+ memcg-hugetlb-adding-hugetlb-counters-to-memcg.patch added to mm-unstable branch

[Date Prev][Date Next][Thread Prev][Thread Next][Date Index][Thread Index]

 



The patch titled
     Subject: memcg/hugetlb: adding hugeTLB counters to memcg
has been added to the -mm mm-unstable branch.  Its filename is
     memcg-hugetlb-adding-hugetlb-counters-to-memcg.patch

This patch will shortly appear at
     https://git.kernel.org/pub/scm/linux/kernel/git/akpm/25-new.git/tree/patches/memcg-hugetlb-adding-hugetlb-counters-to-memcg.patch

This patch will later appear in the mm-unstable branch at
    git://git.kernel.org/pub/scm/linux/kernel/git/akpm/mm

Before you just go and hit "reply", please:
   a) Consider who else should be cc'ed
   b) Prefer to cc a suitable mailing list as well
   c) Ideally: find the original patch on the mailing list and do a
      reply-to-all to that, adding suitable additional cc's

*** Remember to use Documentation/process/submit-checklist.rst when testing your code ***

The -mm tree is included into linux-next via the mm-everything
branch at git://git.kernel.org/pub/scm/linux/kernel/git/akpm/mm
and is updated there every 2-3 working days

------------------------------------------------------
From: Joshua Hahn <joshua.hahnjy@xxxxxxxxx>
Subject: memcg/hugetlb: adding hugeTLB counters to memcg
Date: Mon, 28 Oct 2024 14:05:05 -0700

This patch introduces a new counter to memory.stat that tracks hugeTLB
usage, only if hugeTLB accounting is done to memory.current.  This feature
is enabled the same way hugeTLB accounting is enabled, via the
memory_hugetlb_accounting mount flag for cgroupsv2.
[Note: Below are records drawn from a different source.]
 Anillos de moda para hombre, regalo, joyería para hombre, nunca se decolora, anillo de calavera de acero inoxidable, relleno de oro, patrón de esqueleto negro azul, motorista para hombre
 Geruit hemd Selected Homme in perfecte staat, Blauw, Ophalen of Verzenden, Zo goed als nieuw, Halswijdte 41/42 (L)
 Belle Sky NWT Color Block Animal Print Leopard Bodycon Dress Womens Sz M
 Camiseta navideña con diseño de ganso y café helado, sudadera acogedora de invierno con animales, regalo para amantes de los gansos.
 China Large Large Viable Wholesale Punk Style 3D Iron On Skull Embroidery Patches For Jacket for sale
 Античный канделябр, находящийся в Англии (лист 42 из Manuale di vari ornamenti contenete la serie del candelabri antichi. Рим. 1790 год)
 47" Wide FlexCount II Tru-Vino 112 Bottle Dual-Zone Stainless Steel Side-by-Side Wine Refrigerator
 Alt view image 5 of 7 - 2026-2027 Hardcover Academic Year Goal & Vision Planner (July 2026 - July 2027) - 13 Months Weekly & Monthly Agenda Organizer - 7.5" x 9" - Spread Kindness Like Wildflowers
1. Why is this patch necessary?
Currently, memcg hugeTLB accounting is an opt-in feature [1] that adds
hugeTLB usage to memory.current.  However, the metric is not reported in
memory.stat.  Given that users often interpret memory.stat as a breakdown
of the value reported in memory.current, the disparity between the two
reports can be confusing.  This patch solves this problem by including the
metric in memory.stat as well, but only if it is also reported in
memory.current (it would also be confusing if the value was reported in
memory.stat, but not in memory.current)

Aside from the consistency between the two files, we also see benefits in
observability.  Userspace might be interested in the hugeTLB footprint of
cgroups for many reasons.  For instance, system admins might want to
verify that hugeTLB usage is distributed as expected across tasks: i.e. 
memory-intensive tasks are using more hugeTLB pages than tasks that don't
consume a lot of memory, or are seen to fault frequently.  Note that this
is separate from wanting to inspect the distribution for limiting purposes
(in which case, hugeTLB controller makes more sense).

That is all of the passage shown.